Experte: Die EU-Impfstoffbeschaffung ist eine „Vollkatastrophe – in Schulnoten eine Sechs!“
Der Beschaffungsexperte Gerd Kerkhoff sagt in BILD-Life in Bezug auf die Impfstoff-Besteller der EU:
„Grundsätzlich muss man sagen, dass das eine Vollkatastrophe ist – und in Schulnoten betrachtet eigentlich eine Sechs!“
Der EU-Kommission habe von vornherein offenbar überhaupt nicht verstanden habe, wie Verhandlungen in der Wirtschaft mit Monopolisten, also Unternehmen die eine Alleinstellung auf dem Markt haben, ablaufen, welche Gesetzmäßigkeiten hier gelten. Man habe nicht einmal verstanden, dass der Hersteller, der die erste Zulassung erhält, ein Monopolist sei: „In der Beschaffung ist es etwas anderes, ob ich mit einem Monopolisten verhandle oder mit einem funktionierenden Markt, wo man etwa eine öffentliche Ausschreibung machen kann“, so Kerkhoff.

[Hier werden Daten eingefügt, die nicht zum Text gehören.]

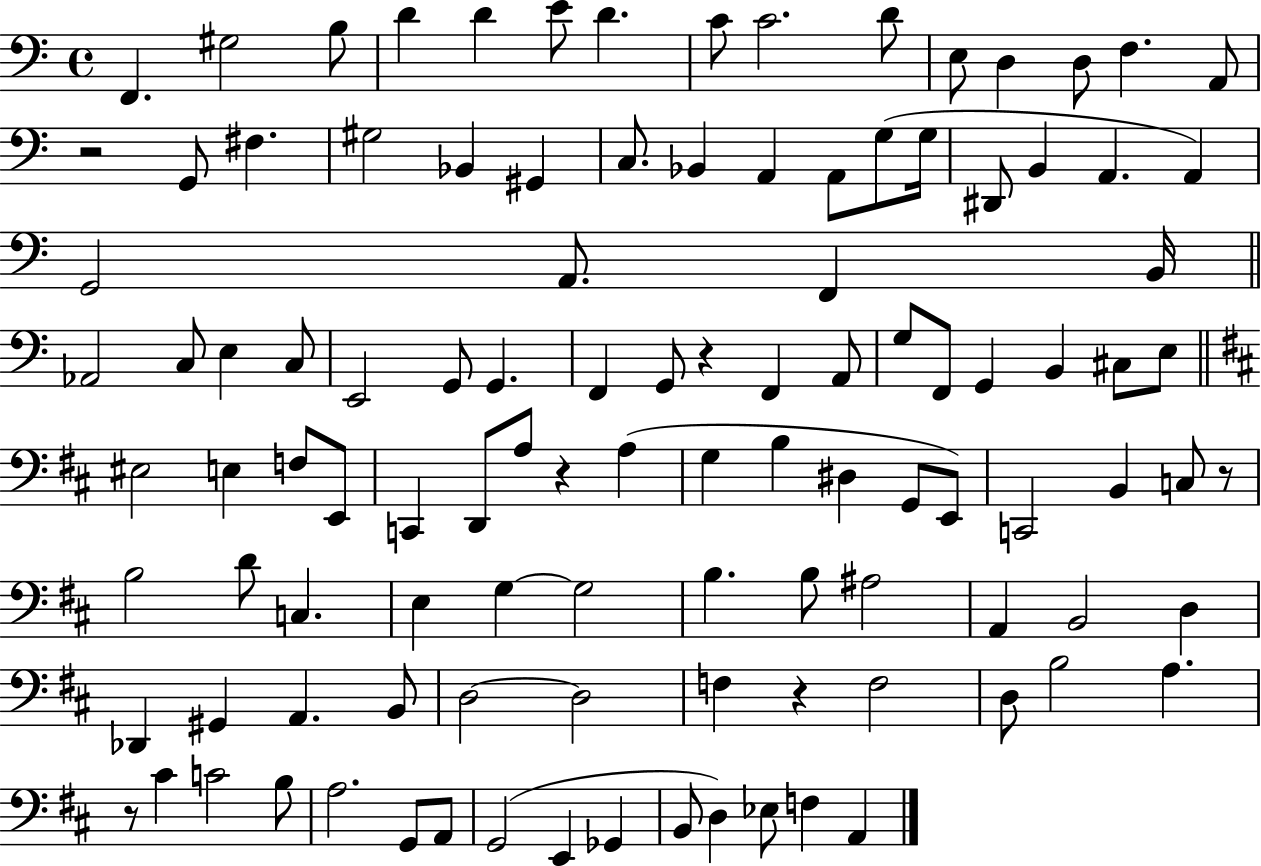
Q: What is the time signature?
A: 4/4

Bei einem Monopolisten gehe es nicht um die Frage des Preises, sondern vor allem um zwei Faktoren: zum einen die Zeit, zum anderen die Verfügbarkeit. AstraZeneca verhalte sich einfach nur „marktwirtschaftlich“. Insofern stellt sich die Frage, ob die EU-Kommission die Grundsätze der Marktwirtschaft womöglich überhaupt nicht verstanden hat. Man müsse sich ja vorstellen, dass die Produzenten einen ganz bestimmten Produktionsprozess planen, erläutert Kerkhoff. So baue sich dann eine Lieferkette mit Versprechen auf, die am Ende des Tages dazu führe, dass alle Verträge, die vorher abgeschlossen wurden, in der Priorisierung abzuarbeiten sind. Und wer am Ende kommt, kann eben wohl nicht verlangen, dass ihm die höchste Priorität eingeräumt wird (Vordrängler).
„Je mehr wir eine Durchimpfung der Republik hätten, desto weniger Tote hätten wir!“
Auch den „Best Effort“-Vertrag (beste Lieferung je nachdem, was möglich ist) hält Kerkhoff in diesem Fall für vollkommen ungeeignet. „Ich sage bewusst epochaler Beschaffungsprozess, denn es war ja der bedeutendste Beschaffungsprozess, den die Politik seit dem Zweiten Weltkrieg zu organisieren hatte“so Kerkhoff. Es gehe ja um wirtschaftliche Aufwendungen von immenser Größe und von immenser Bedeutung: „Je mehr wir eine Durchimpfung der Republik hätten, desto weniger Tote hätten wir!“
Bei einem vergleichbaren Fehler in der Wirtschaft wären längst personelle Konsequenzen gezogen worden, konstatiert der Experte abschließend. In der Politik dagegen blieben diese Entscheidungen bislang aus.